Появился связист Миша Стрекалов.
— Здесь? – только и спросил, кивнув головой на будущий окоп.
— Ага, — спокойно ответила я.
— Вот и хорошо, — заключил он. – Отсюда противник будет виден как на ладони…
И ушел. Знала: вырою укрытие – явится, поможет наладить связь. Он всегда так поступал. Вскоре я увидела рядом с собой крепко сложенного красноармейца. Он попытался выхватить из моих рук лопату, но я не отдала.
— Ладно, ладно, — отвечал боец, — не упорствуй. Не женское дело.
Все же забрал он мое орудие труда и энергично взялся выгребать из окопа землю. Пользуясь рыцарской услугой фронтовика, я решила привести себя в порядок: расстегнула воротник гимнастерки, поправила на голове сбившуюся на затылок толстую и длинную косу, с которой не расставалась с сорок первого года, вытерла с лица пот. И только тут вдруг почувствовала, как с невыносимой болью щемят натертые до кровяных мозолей пальцы на ногах. Сняла сапоги, кое-как просушила на легком ветерке влажные портянки, а на ранки положила чистенький бинтик. Вроде бы легче стало.
Самый разгар лета! Теплый, чистый воздух. Хорошо! И кто бы мог подумать, что именно здесь, у Лучек, разыграется такое сражение, что встанет на дыбы земля, а больше половины личного состава батальона навеки уснут на своих огневых позициях. Слишком неравными будут силы. А я уцелею, словно по воле Божьей. Вот только появится тогда в моих кудрях первая сединочка. Но это случится потом, потом. Пока не рвутся здесь снаряды и мины, не летят с неба с устрашающим воем бомбы. Жадно вдыхаю ночной запах разнотравья и волшебный аромат поспевающей пшеницы. Ее массив буквально рядом, метров триста.

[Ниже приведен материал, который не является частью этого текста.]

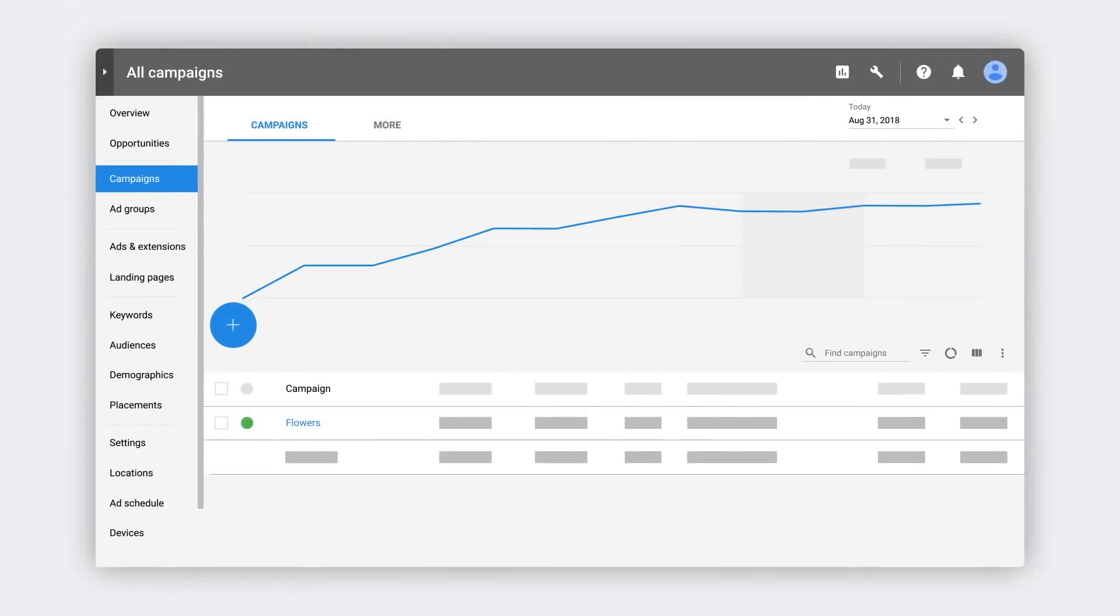So you've created your first search campaign. The next step is to set up ad groups, keywords and ads. Let's get started.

Я вспомнила, как моя мама, Анастасия Алексеевна, будучи председателем колхоза, не раз водила меня к пшеничным участкам и рассказывала интереснейшие были об этой сказочной культуре. Скажет, бывало: «Хлеб, доченька, всему голова. Без хлебушка — нет жизни, радости, веселья нет». Разомнет в своих шершавых натруженных ладонях колосочек, и захрустят аппетитно на ее зубах золотистые зерна. У меня, правда, не так здорово получалось, да что я тогда понимала в пшенице, разве что испробовала ее на вкус в испеченном каравае.
И решила я, взрослая мамина дочь, наведаться с рассветом к лучковской пшенице и попробовать, как это умела хорошо демонстрировать моя мама, на зуб созревающие зерна…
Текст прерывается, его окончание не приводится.